Here, it is acknowledged that craving produces both enjoyment and disappointment in the cycle of being. However, even that which is pleasant is tinged with unpleasantness, since it cannot last. Even the pleasant fades with time, leading to the re-arising of craving. Constantly wanting is a profoundly dissatisfying experience.

3. The Third Noble Truth – The Noble Truth on the Cessation of Suffering

The Buddha did not deny that there is anything worthwhile to live for. In the Third Noble Truth, the Noble Truth of the Cessation of Suffering (dukkhanirodhaṃ ariyasaccaṃ), he explains that there is a way out of suffering, a way to bring suffering to its end:

Idaṃ kho pana bhikkhave, dukkhanirodho ariyasaccaṃ: yo tassāyeva taṇhāya asesavirāganirodho cāgo paṭinissaggo mutti anālayo.

“This, monks, is the noble truth of the cessation of suffering: the cessation of craving without any remainder, giving it up, renouncing it, and complete freedom from it.”

 Dhammacakkappavattana Sutta (SN 56.11)

The cessation of craving is not achieved through escapism. Rather, it occurs by means of learning not to pursue cravings relentlessly. The giving up of craving means that there are no desires to go unmet in the first place. Freedom from craving, the relentless sense of wanting, ultimately leads to freedom from suffering.

4. The Fourth Noble Truth – The Noble Truth on the Path Leading to the Cessation of Suffering

The Noble Truth on the Path Leading to the Cessation of Suffering (dukkhanirodhagāminī paṭipadā ariyasaccaṃ) lays out a map leading toward the cessation of craving, and thus suffering.
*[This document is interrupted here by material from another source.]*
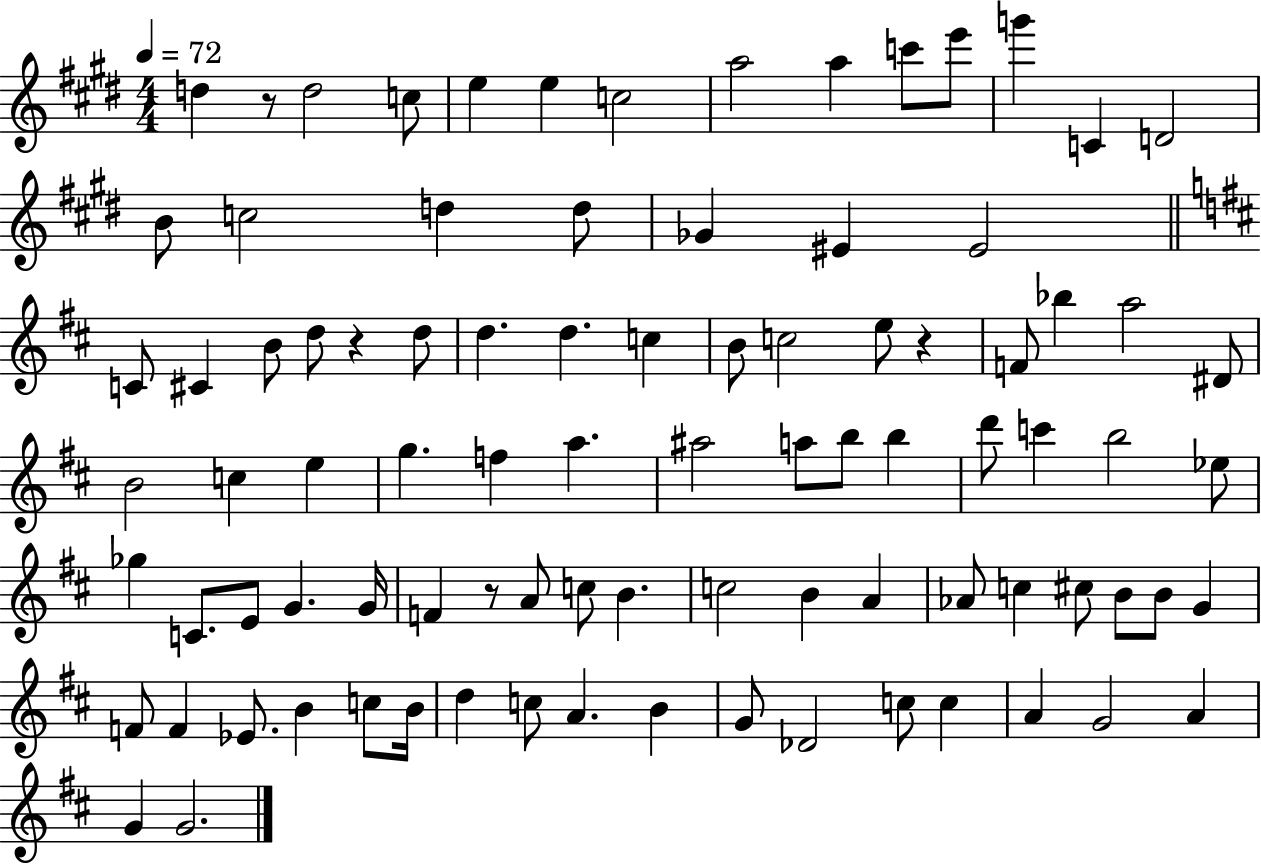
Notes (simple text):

D5/q R/e D5/h C5/e E5/q E5/q C5/h A5/h A5/q C6/e E6/e G6/q C4/q D4/h B4/e C5/h D5/q D5/e Gb4/q EIS4/q EIS4/h C4/e C#4/q B4/e D5/e R/q D5/e D5/q. D5/q. C5/q B4/e C5/h E5/e R/q F4/e Bb5/q A5/h D#4/e B4/h C5/q E5/q G5/q. F5/q A5/q. A#5/h A5/e B5/e B5/q D6/e C6/q B5/h Eb5/e Gb5/q C4/e. E4/e G4/q. G4/s F4/q R/e A4/e C5/e B4/q. C5/h B4/q A4/q Ab4/e C5/q C#5/e B4/e B4/e G4/q F4/e F4/q Eb4/e. B4/q C5/e B4/s D5/q C5/e A4/q. B4/q G4/e Db4/h C5/e C5/q A4/q G4/h A4/q G4/q G4/h.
This map is summarized as follows:

Idaṃ kho pana bhikkhave, dukkhanirodhagāminī paṭipadā ariyasaccaṃ: ayameva ariyo aṭṭhaṅgiko maggo, seyyathidaṃ — sammādiṭṭhi sammāsankappo sammāvācā sammākammanto sammāājīvo sammāvāyāmo sammāsati sammāsamādhi.

“And this, monks, is the noble truth of the way of practice leading to the cessation of stress: this noble eightfold path itself, namely: right view, right thought, right speech, right action, right livelihood, right effort, right mindfulness, and right concentration.”

Dhammacakkappavattana Sutta (SN 56.11)

An end to suffering in this very life is entirely possible. Suffering’s cessation does not entail the complete annihilation of our everyday experiences, but instead the ability to not react to them in extreme ways that cause us dissatisfaction. By cultivating the various facets of the Noble Eightfold Path, one can taste true liberation from suffering at last.